Delhi police procures sophisticated e-challaning equipment
Next time you violate a traffic rule like riding cycle with defective brakes, think twice before arguing with cops for challaning you saying it is not an offence and that they cannot prosecute you for it.
New Delhi: Next time you violate a
traffic rule like riding cycle with defective brakes, think
twice before arguing with cops for challaning you saying it is
not an offence and that they cannot prosecute you for it.
Delhi Police is procuring 2,000 sophisticated
equipment for e-challaning which will have in its memory 412
violations prescribed in the Motor Vehicles Act.
Due to lack of knowledge on traffic violations, a
senior police official said, personnel normally do not book
people on certain things like riding cycle with defective
brakes or not keeping head lamps lit while driving in public
places 30 minutes before sunrise or after sunset.
"There are instances when motorists get into argument
with traffic personnel. Then they have to contact some seniors
or check the rule book to convince the motorist that it is a
violation. It takes time. By feeding all the 412 violations,
this problem will be addressed," the official said.
The device, which police believe will save manpower,
time and reduce paper work, will be capable of retrieving data
relating to violating vehicles or drivers from the database.
It is also being designed so as to include Unique
Identity Number (UID) as and when it is implemented in the
country, the official said.
To ensure that there is no foul play, the official
said, it is ensured that no change can be made in the data nor
it can be deleted once a challan is printed.
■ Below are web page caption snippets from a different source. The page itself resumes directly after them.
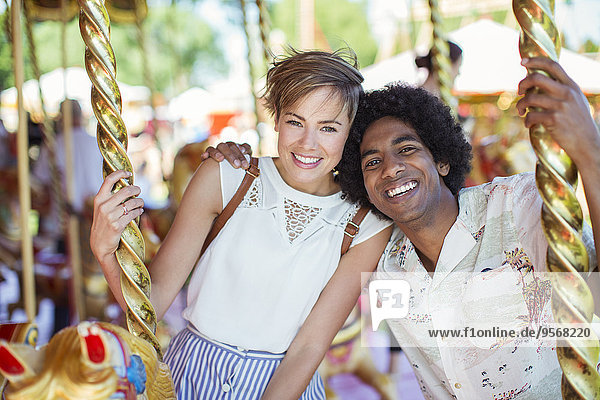 Junges multirassisches Paar lächelt auf Karussell im Vergnügungspark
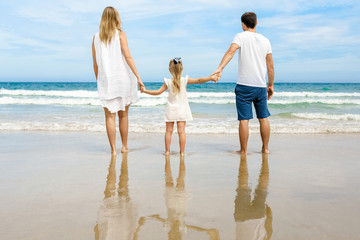 Rear view of a young happy family on tropical beach.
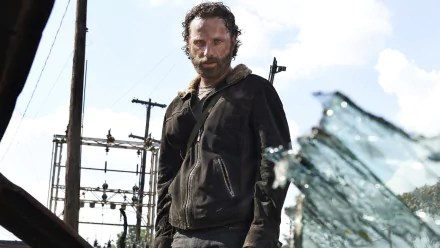 Rick Grimes, portrayed by Andrew Lincoln, stands amidst a post-apocalyptic landscape in this HD wallpaper from the TV show The Walking Dead.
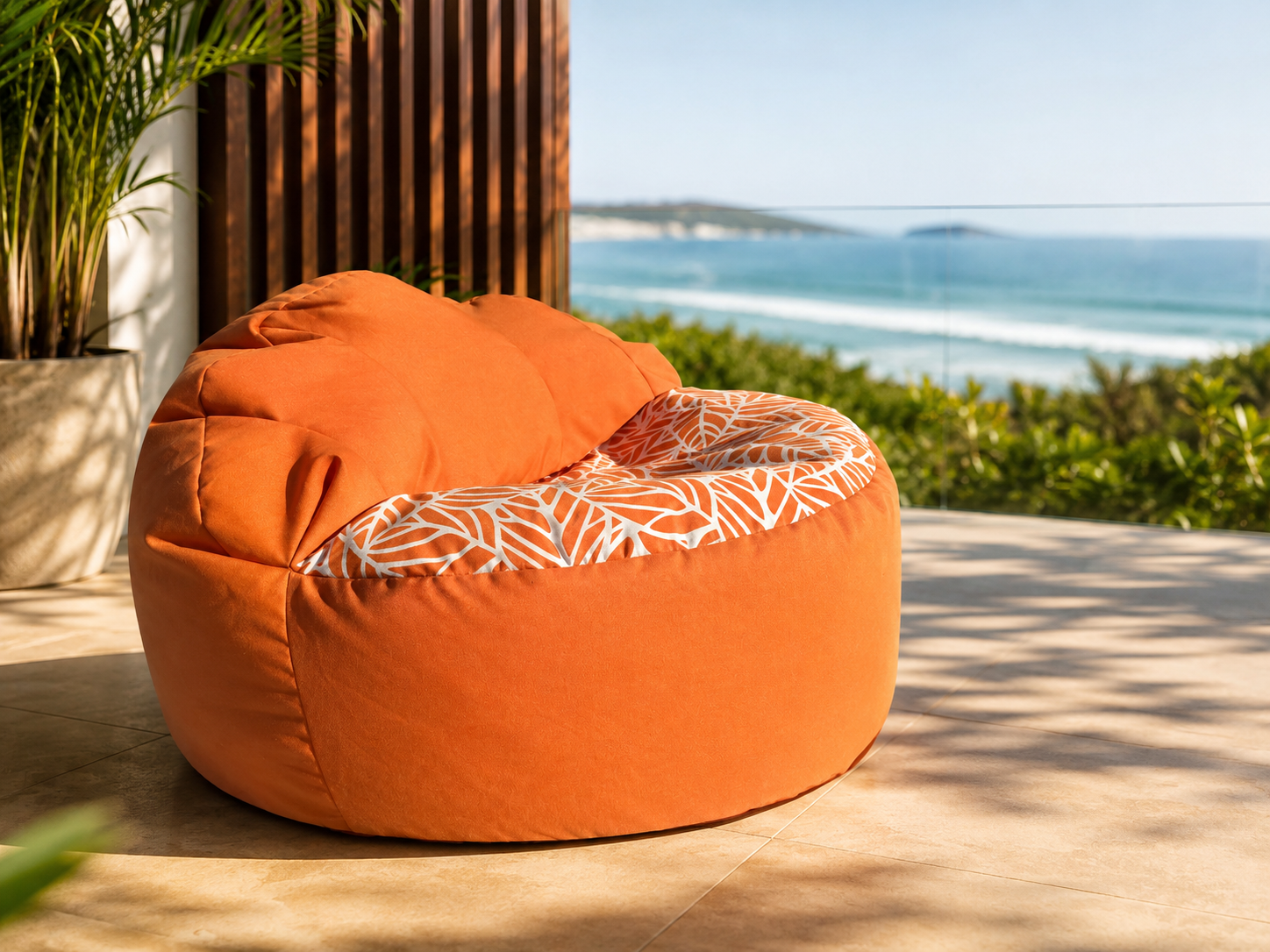 Orange bean bag chair with a patterned interior on a wooden deck with ocean view.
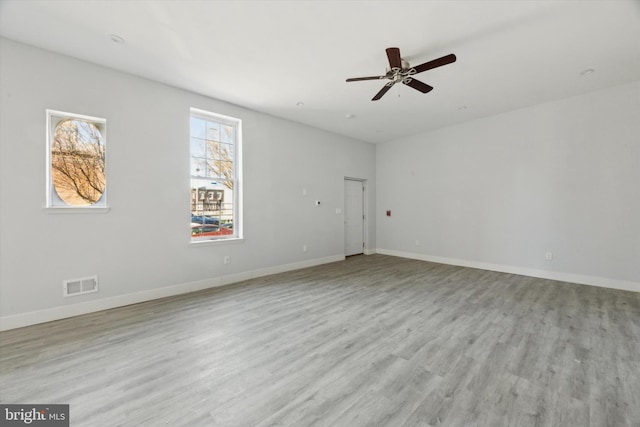 unfurnished room with ceiling fan and light hardwood / wood-style floors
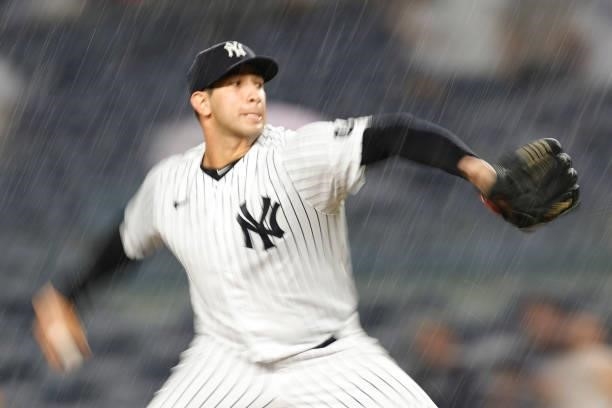 Luis Cessa of the New York Yankees pitches in the rain during the fifth inning against the Los Angeles Angels at Yankee Stadium on June 30, 2021 in...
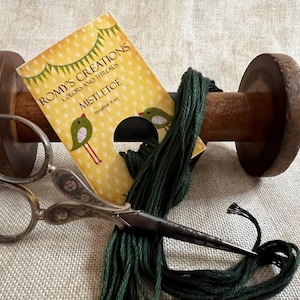 May include: A wooden thread spool with dark green thread, a pair of silver scissors, and a card labeled "Mistletoe" with bird illustrations. The card is yellow with white polka dots.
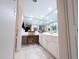 Bright bathroom featuring a mirrored wall, white cabinetry, and a cozy vanity area with a decorative chair and tile flooring at 17404 N 99Th Ave # 126, Sun City, AZ 85373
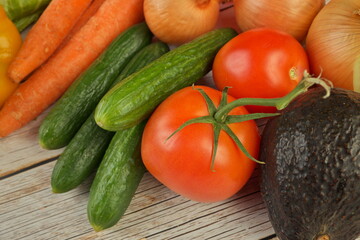 High Angle View of Selection of Fresh Summer Vegetables on a Rustic Wooden Table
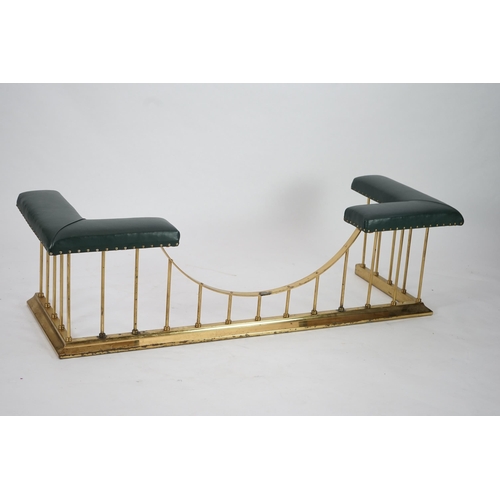 11 - A brass club fender with green leather upholstered padded tops, 175cm wide, 64cm deep, 51cm high... 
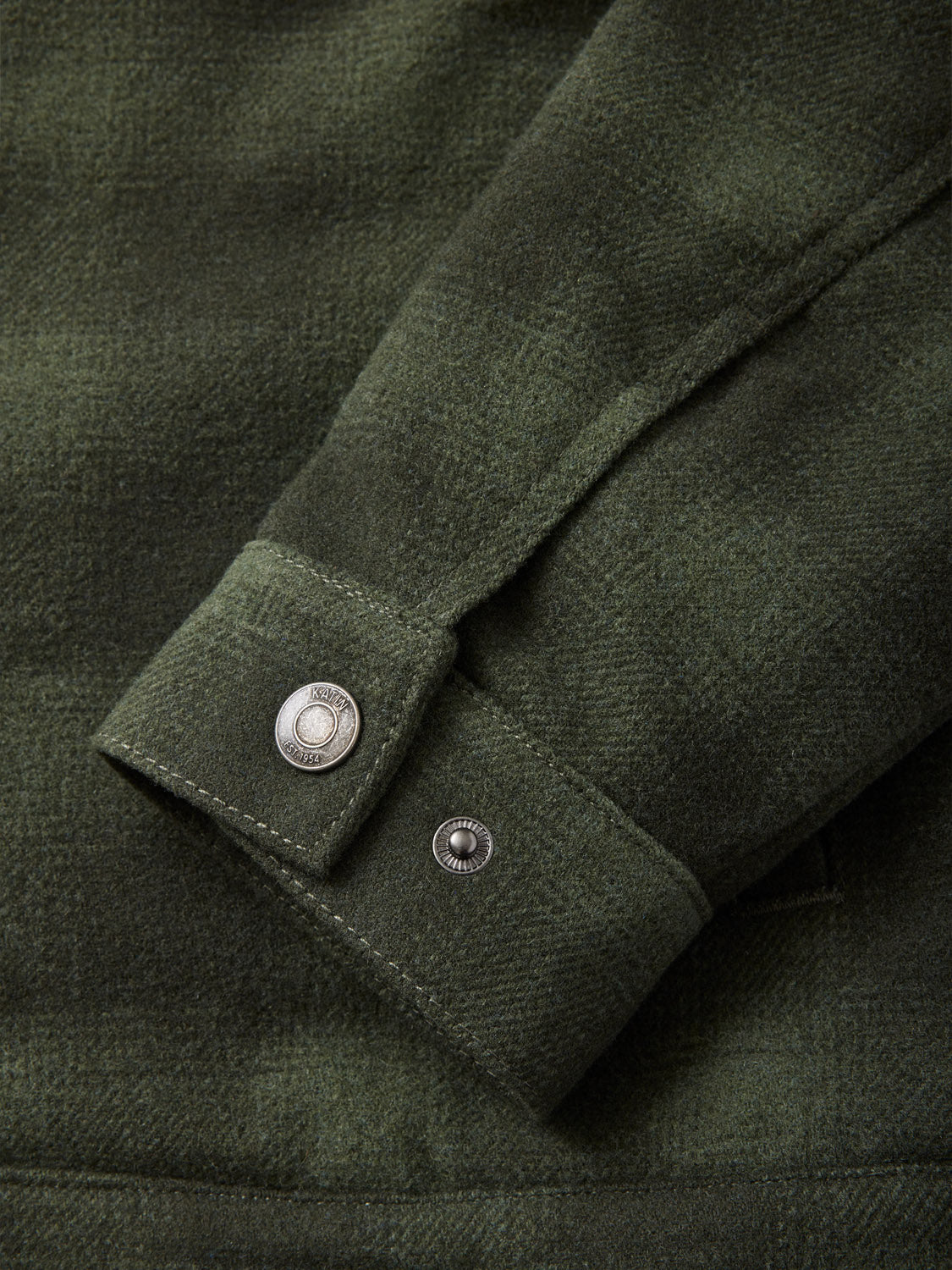 Close-up of a dark green plaid sleeve resembling the Katin Harris Plaid Jacket, with a buttoned cuff featuring silver snap buttons. The fabric is soft and textured, with visible edge stitching.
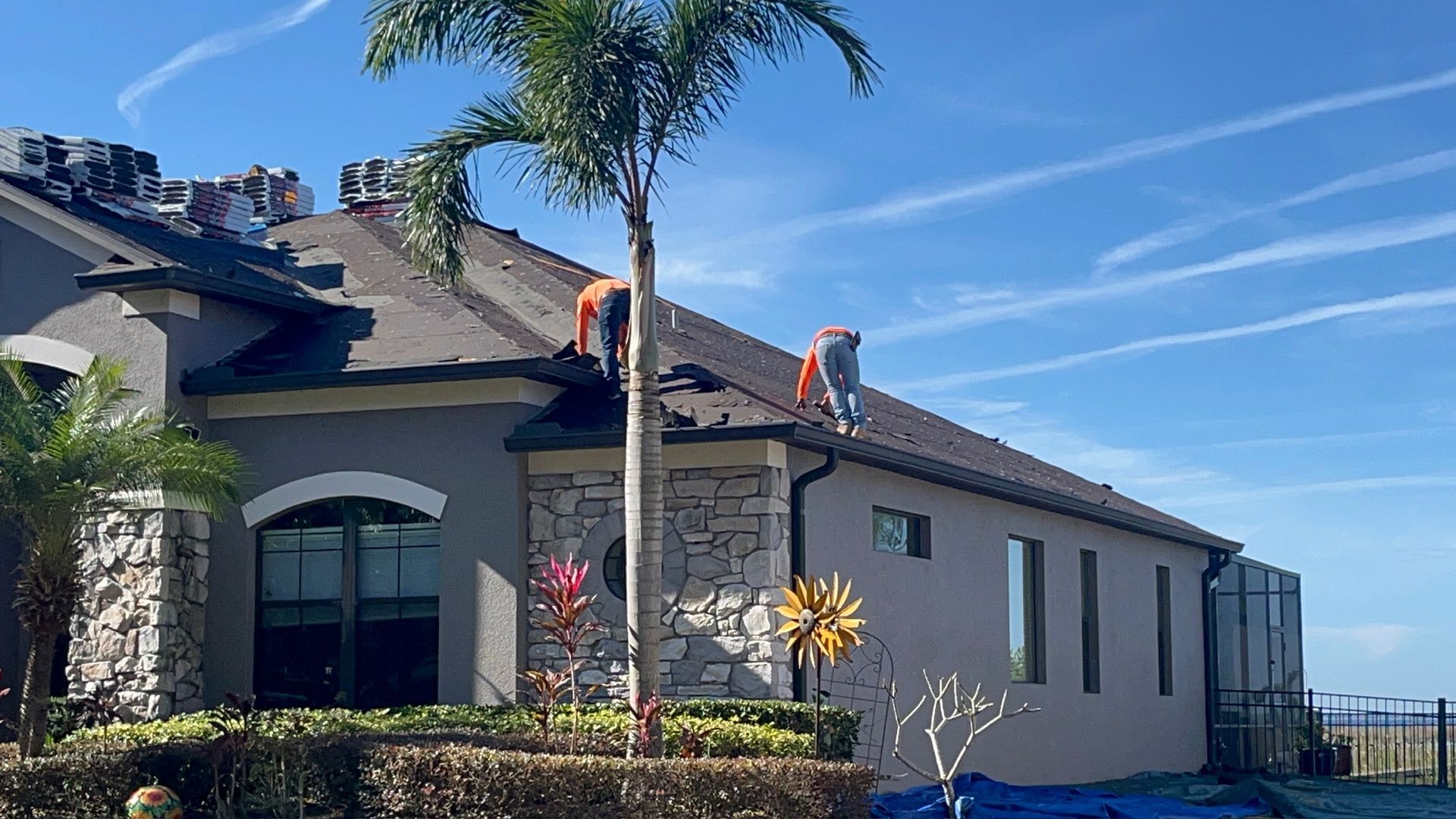 Two roofers on a residential roof, working. Blue sky. Palm tree and stone accents.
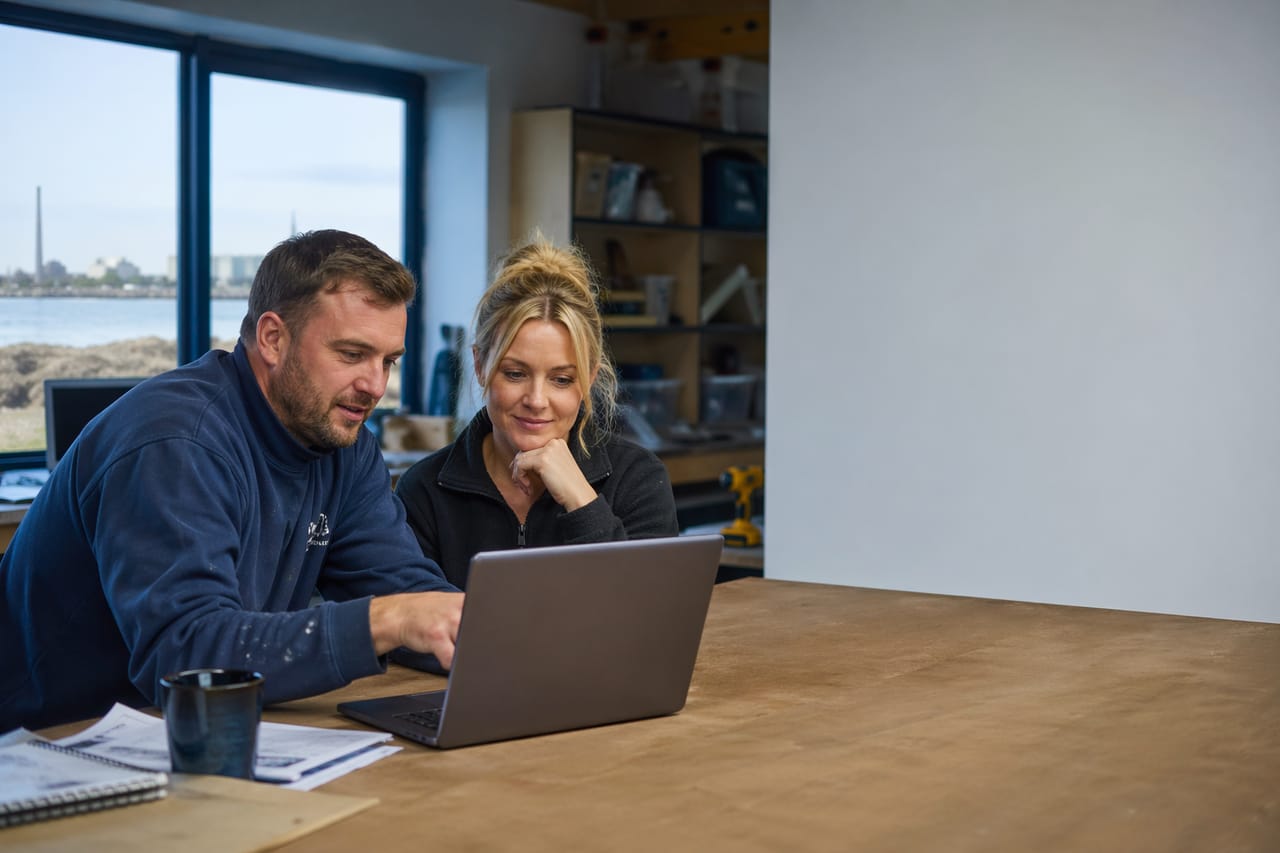 Small business owner and tradesperson reviewing a website design together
"As soon as a vehicle registration number is entered,
the handheld device will automatically check from the server
if the vehicle is stolen, wanted in any criminal case or is in
the list of suspicious vehicles," the official said.
The device will also help the traffic personnel to
know about the previous offences committed by the driver or
pending challans on the vehicles.
The devices will also be customised so that traffic
officers should be able to issue challans only for offences
they are authorised as per their rank.
The senior police officials will also be able to view
the location of any particular device and the officers who is
using it on a web-based map.
Police is also looking into whether they can get
violators pay through credit cards.
With police mulling the possibility of becoming a
partner in Delhi Government`s `Jeevan Project`, it has asked
companies participating in the tender to incorporate the
facility of paying challans at government kiosks.